Porque el gesto de Dalia no es el de alguien que ha dormido o no dormido en cama ajena, sus ojeras se parecen a la de otros trasnoches, pero en lugar de fatigadas sonrisas gemelas para acunar los ojos, ahora parecen bolsas para guardar lágrimas.
Demasiadas veces ha visto esa expresión el comisario, en este oficio que genera más divorciados que héroes, y mientras lo piensa mete disimuladamente una mano izquierda en el bolsillo y se pellizca el testículo correspondiente, es una superposición absurda, pero nunca se sabe, se disculpa con su yo científico recién nacido y exigente, porque si su Ana lo dejara, Paco estaría perdido por completo y más ahora, que últimamente parecen haber recuperado una pasión que nunca se fue del todo.

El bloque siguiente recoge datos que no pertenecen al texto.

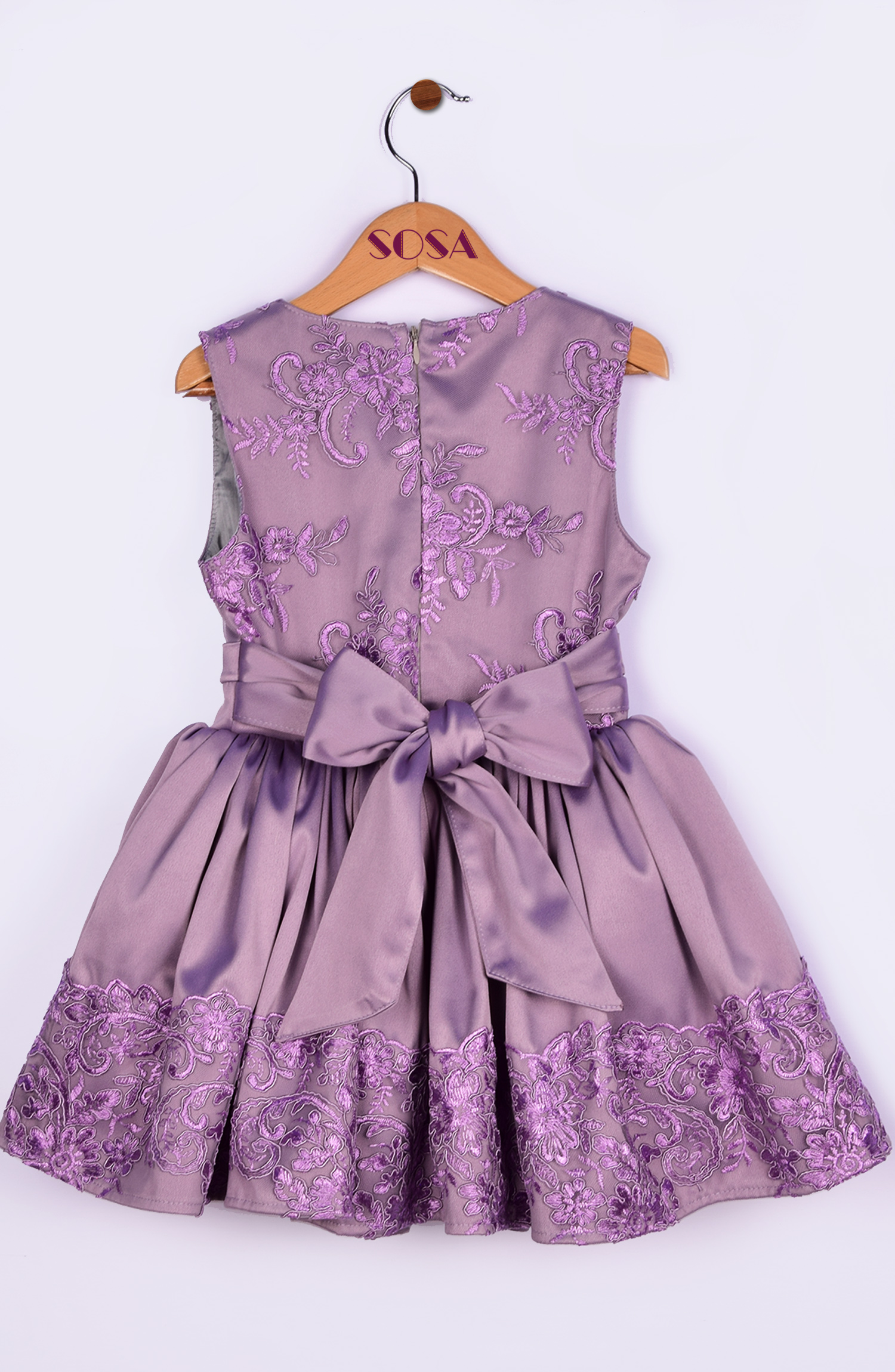 Svečana haljina za devojčice  od ljubičastog  satena i čipke 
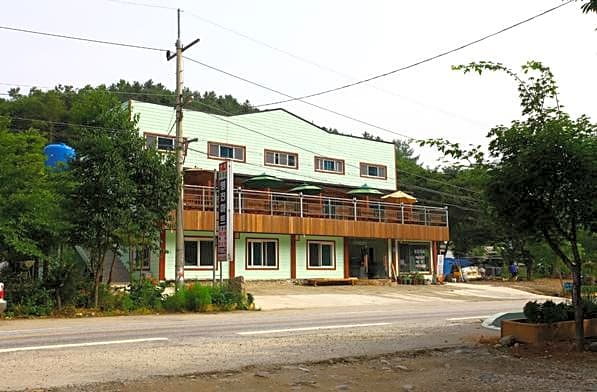 Hongcheon Yeongjin Pension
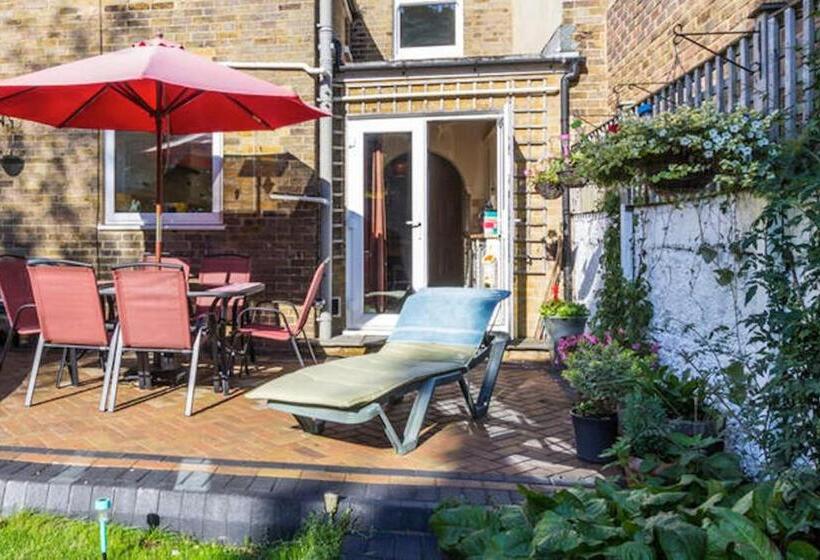 스탠다드 룸, Endearing Edwardian House In Quaint Deal, Kent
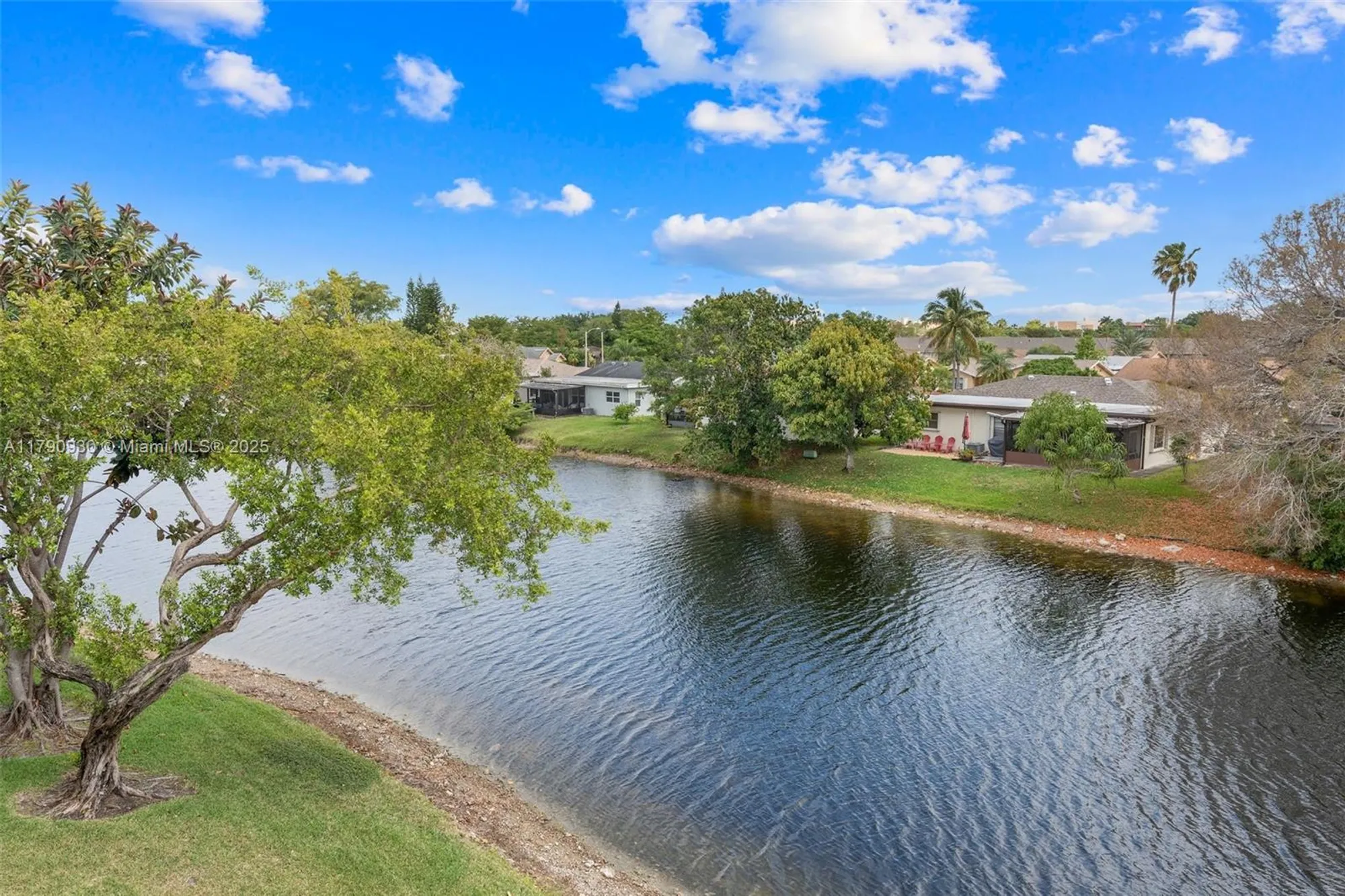 Property Slideshow image 36 of 50 | 9585 n belfort cir # 308, Tamarac, FL, 33321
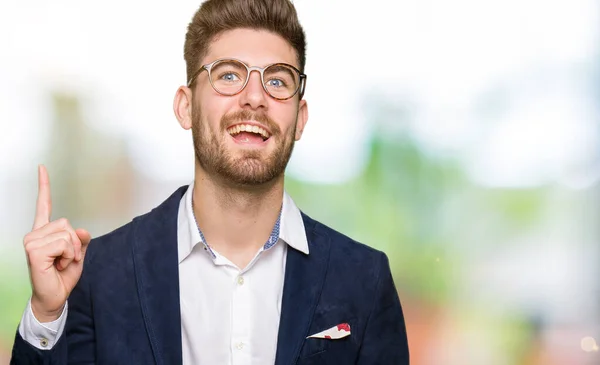 Joven Hombre Negocios Guapo Con Gafas Apuntando Con Dedo Hacia — Foto de Stock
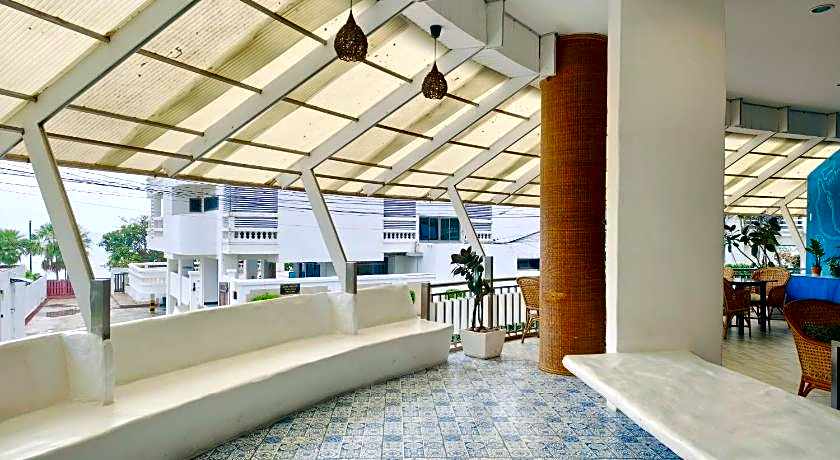 Royal Beach View Suites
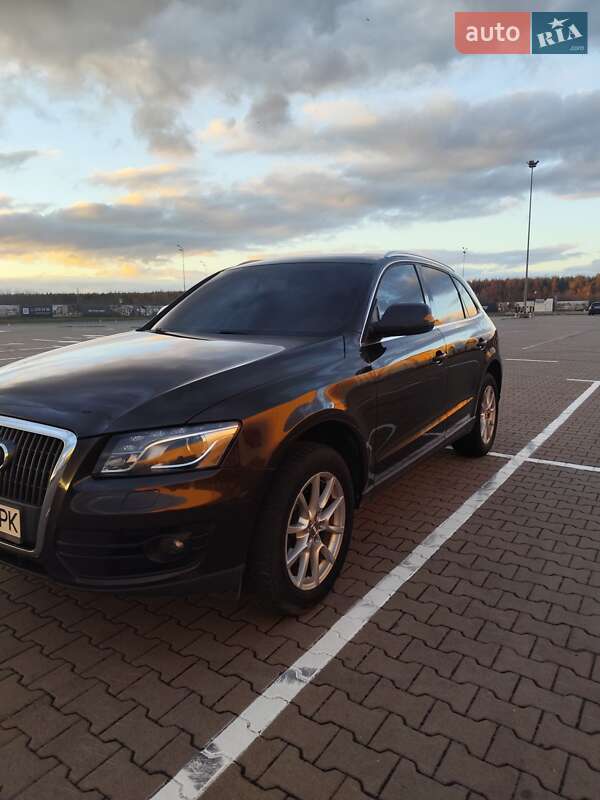 Позашляховик / Кросовер Audi Q5 2011 в Києві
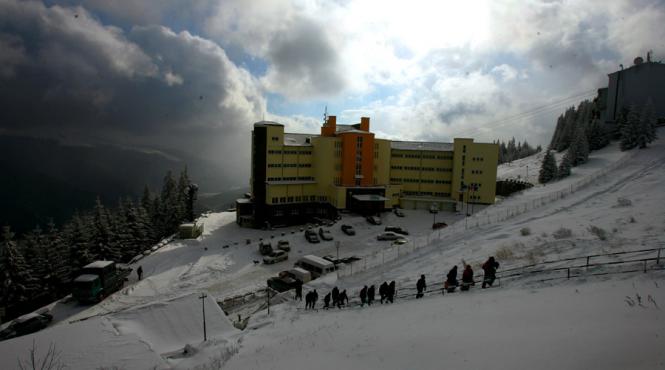 stratul de zapada se apropie de grosimea de 30 cm in prahova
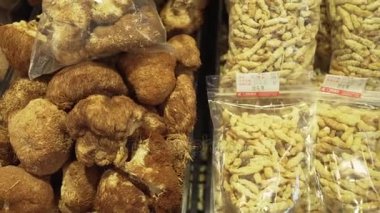 Kurutulmuş mantar ve diğer ürünleri Market stok görüntüleri video satılmaktadır
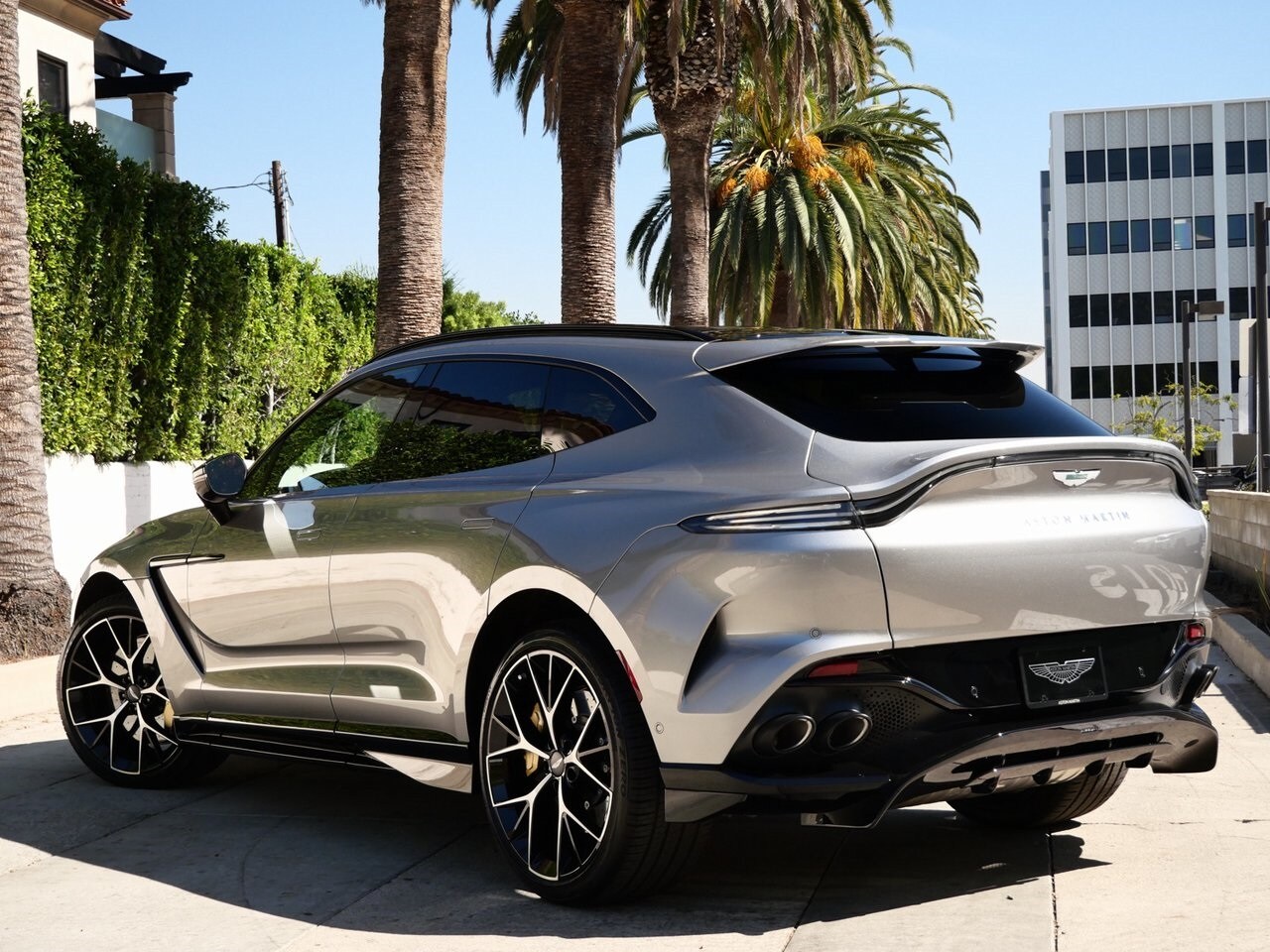 2025 Aston Martin DBX AM8 DBX707 photo 2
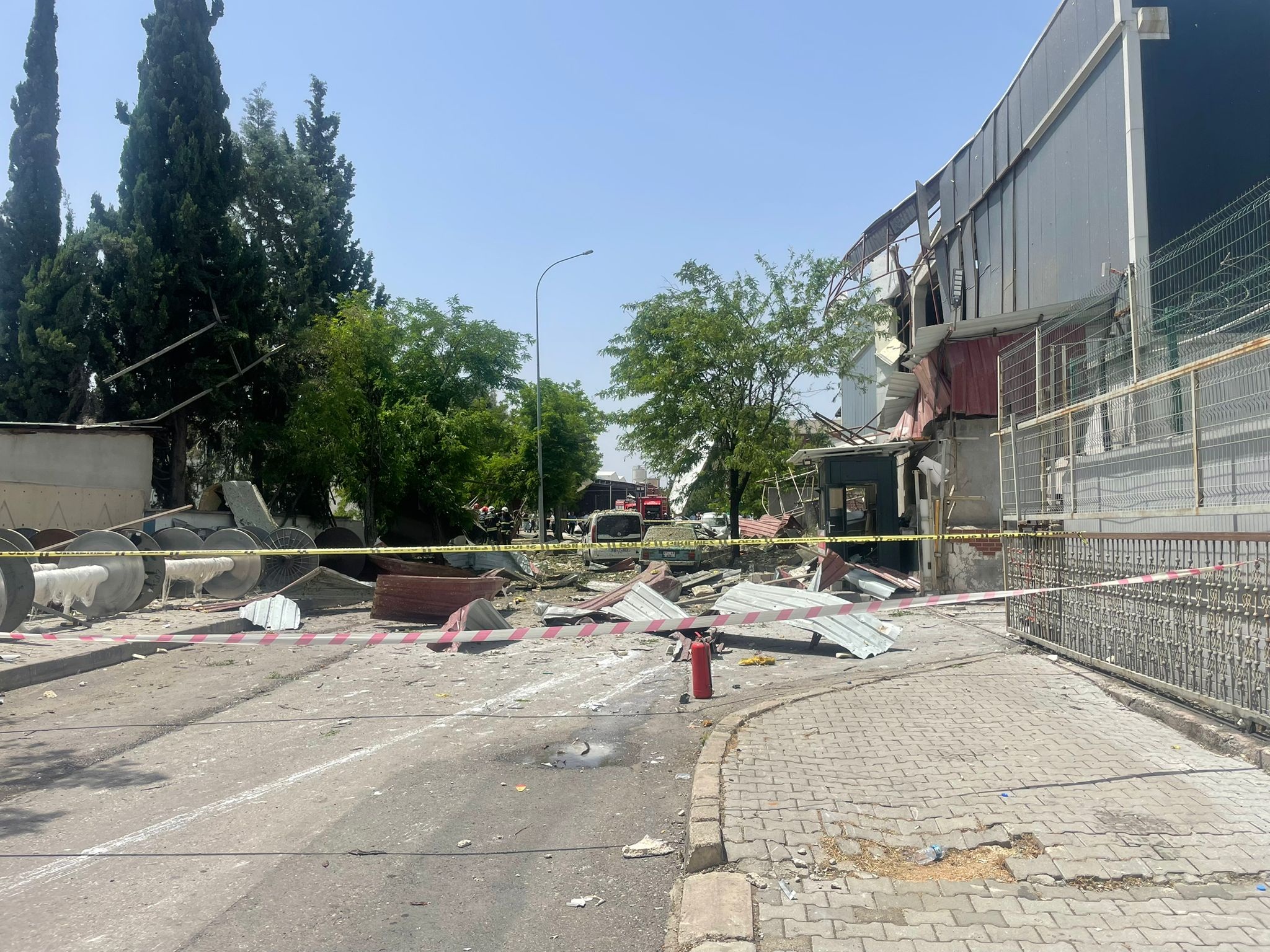 hali-fabrikasinda-buhar-kazani-patladi-717587-212236.jpg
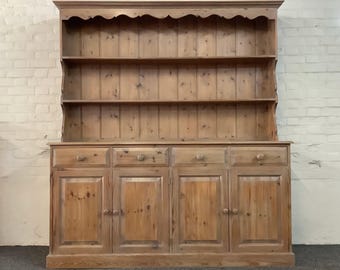 A Vintage Pine Welsh Dresser.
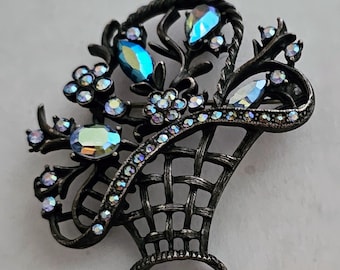 Vintage blue rhinestone flower basket brooch/pin, gifts for mom, gifts for grandma, like new Vintage jewelry lover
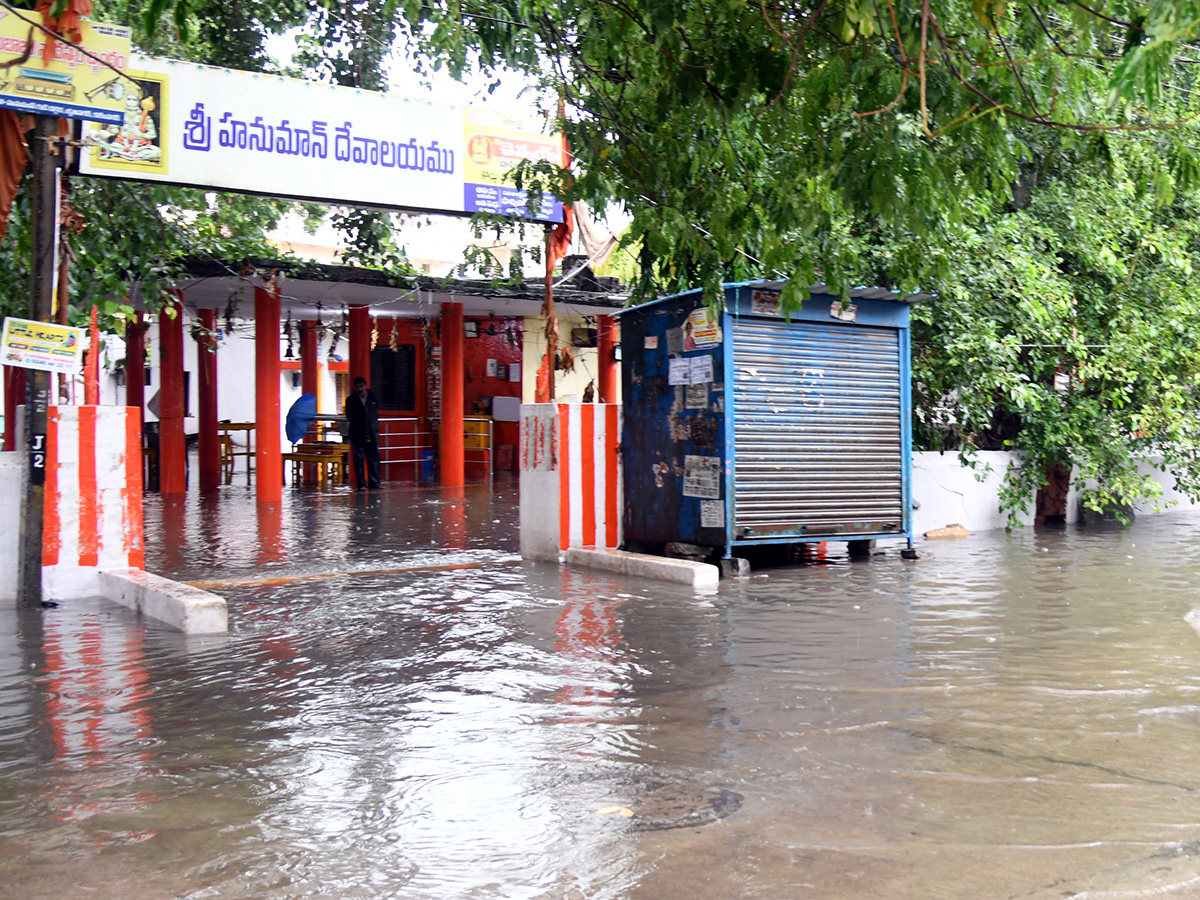 Heavy Rain in Karimnagar Photos24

Con un gesto detiene al camarero que ya le está preparando su café, justo antes de que eche el generoso chorro de brandy, porque hoy su carajillo no estará perfumado.
—¿Hace cuánto? —le pregunta sin dejar de mirarla mientras se sienta.
—¿Hace cuánto qué, Paco?
—Hace cuánto que duermes en tu consulta.
Ella intenta una penúltima broma.
—Desde que Woody Allen cayó en desgracia, los pacientes ya no quieren tumbarse en el diván italiano y carísimo que compré. Y algún uso hay que darle.
—Por lo menos tenía algo de gracia, el Allen —se sorprende admitiendo Paco—. Aunque su reducción psicoanalítica de todos los aspectos de las relaciones afectivas resulta un poco forzada y sus pelis han envejecido mal…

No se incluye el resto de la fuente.